Task to carry out:
Return the line that has "Hawkins 2L cooker in new condition" and all lines below it through the last, exactly as they stand; omit pictures.

=== Section Start ===

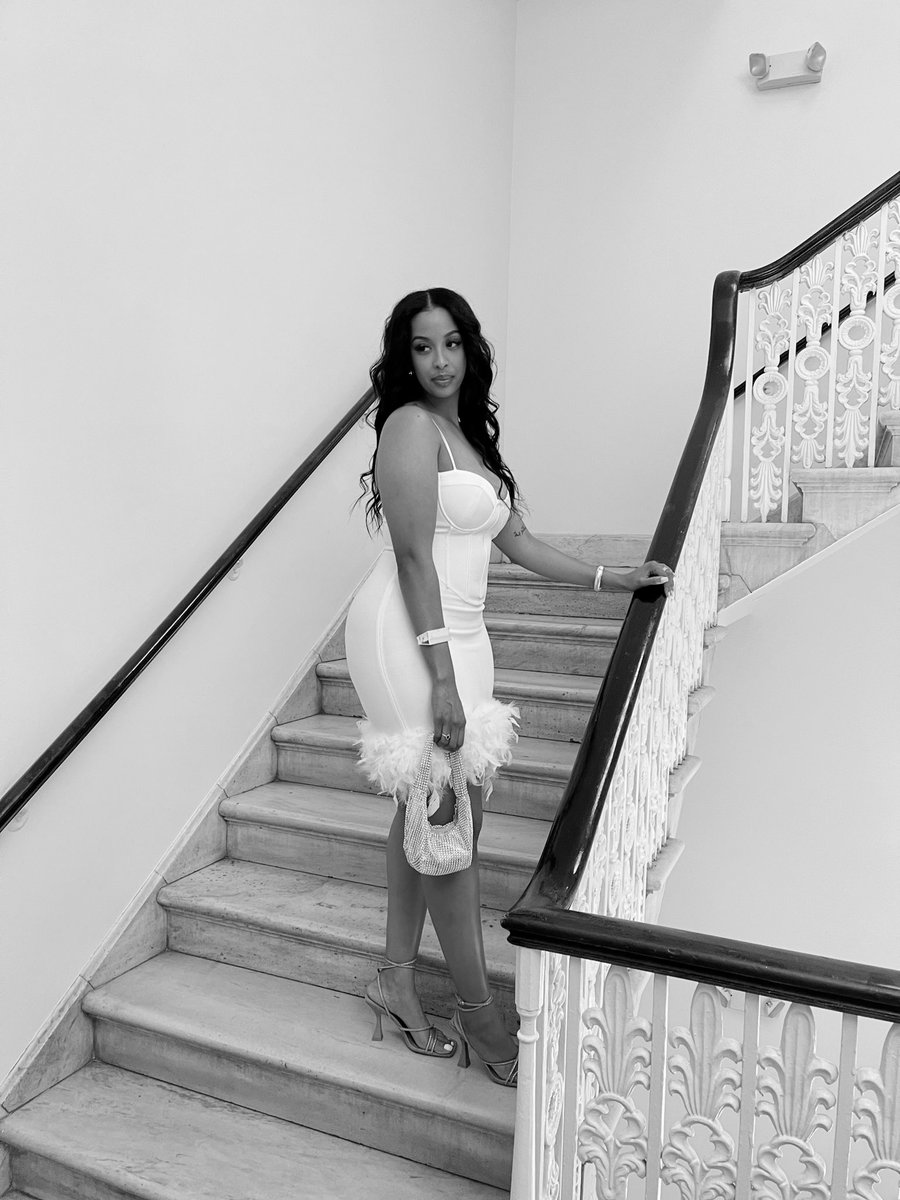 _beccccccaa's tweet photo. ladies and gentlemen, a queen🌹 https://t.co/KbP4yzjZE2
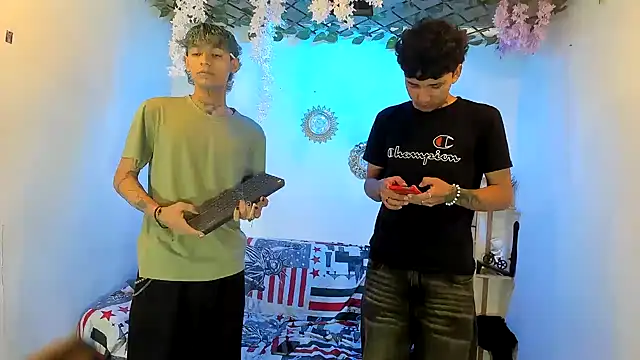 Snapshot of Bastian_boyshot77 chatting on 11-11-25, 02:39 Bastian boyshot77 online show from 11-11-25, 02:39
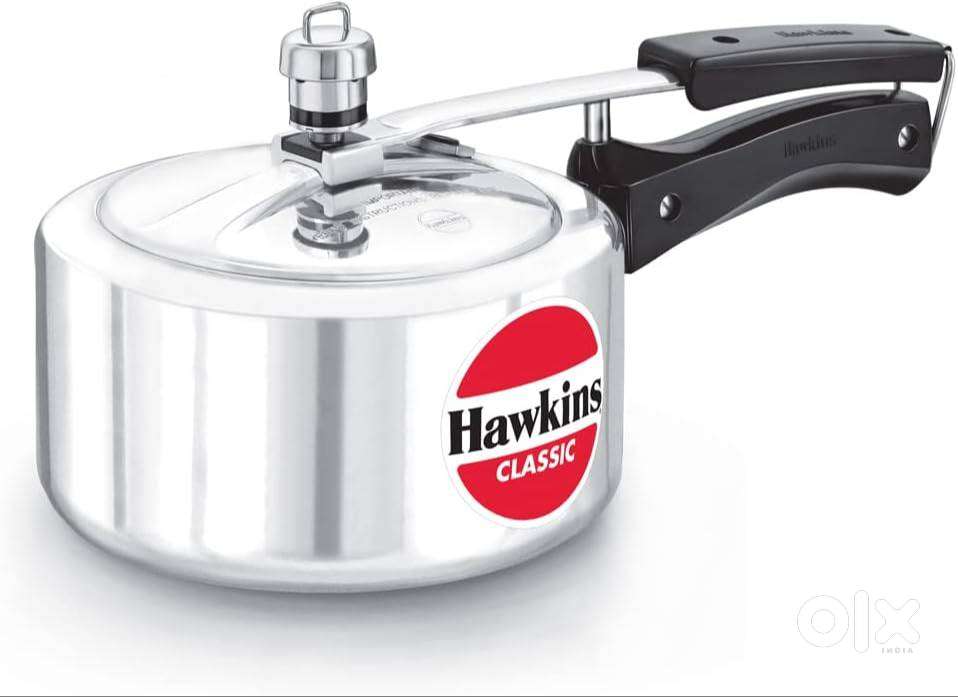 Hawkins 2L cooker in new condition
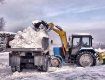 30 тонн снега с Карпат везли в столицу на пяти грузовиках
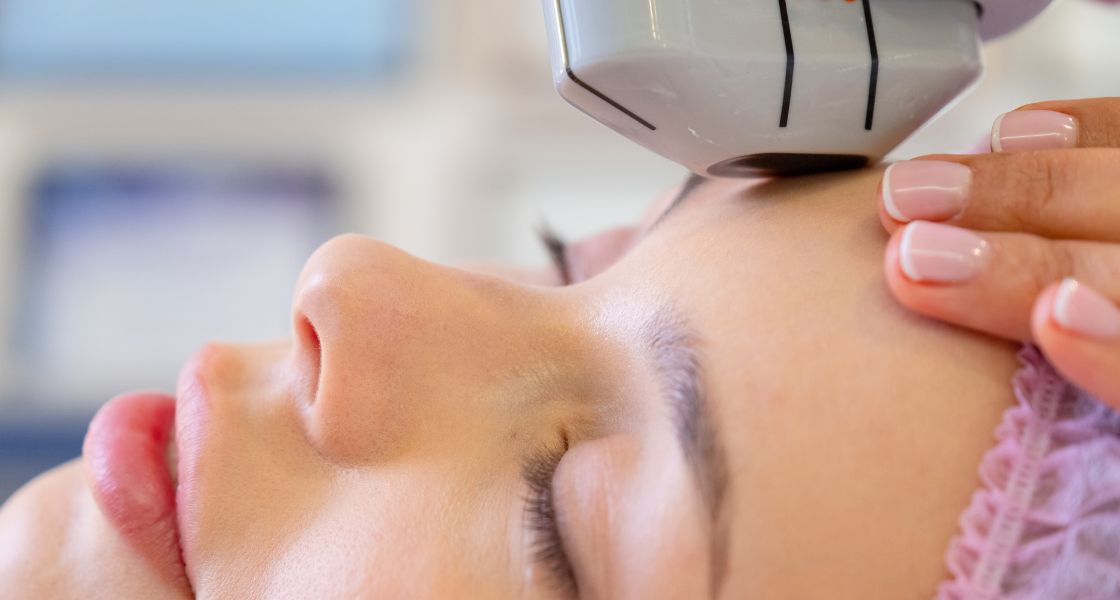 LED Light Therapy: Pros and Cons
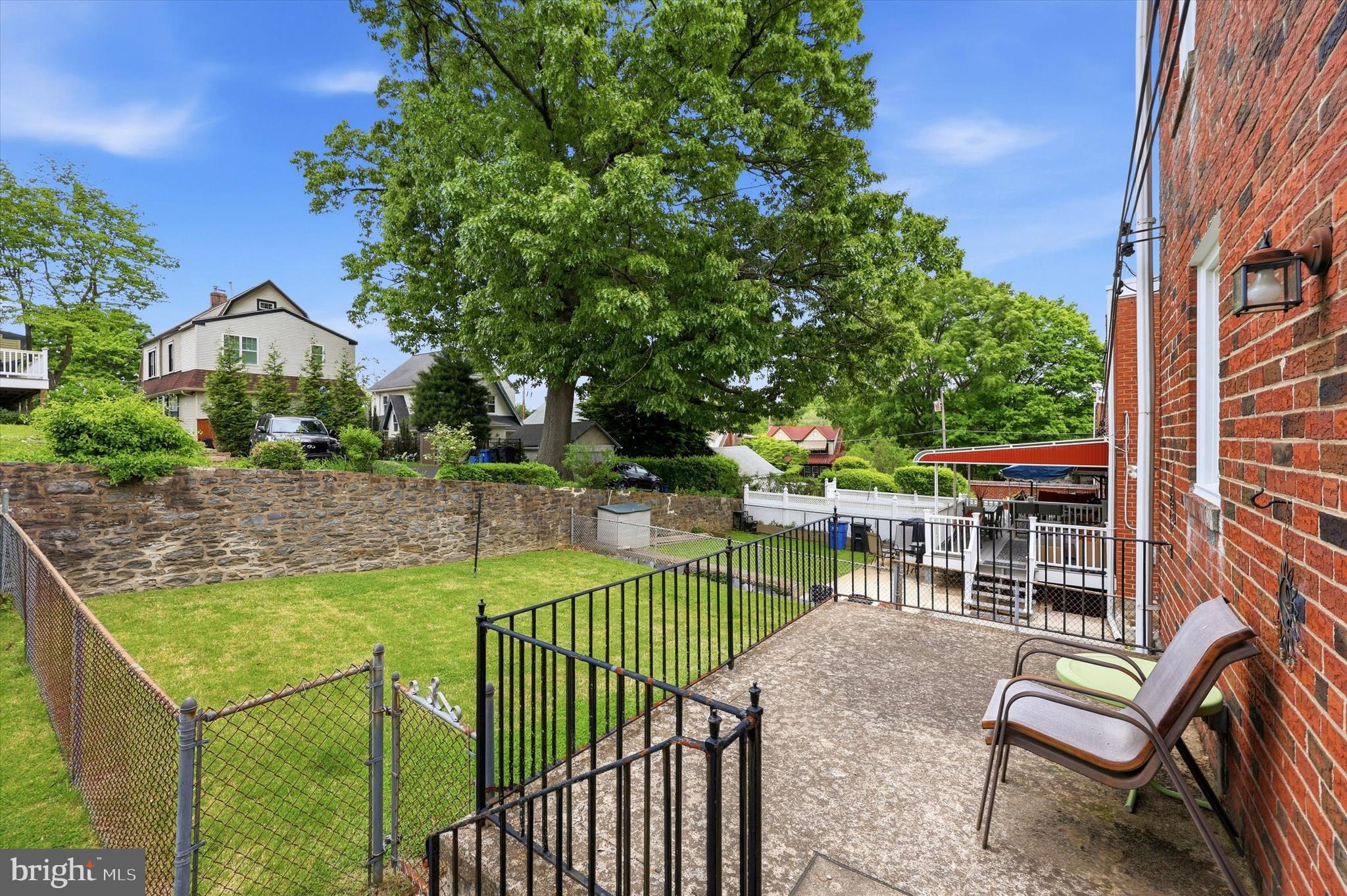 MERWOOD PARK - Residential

=== Section End ===

Output below:
 Hawkins 2L cooker in new condition
 30 тонн снега с Карпат везли в столицу на пяти грузовиках
 LED Light Therapy: Pros and Cons
 MERWOOD PARK - Residential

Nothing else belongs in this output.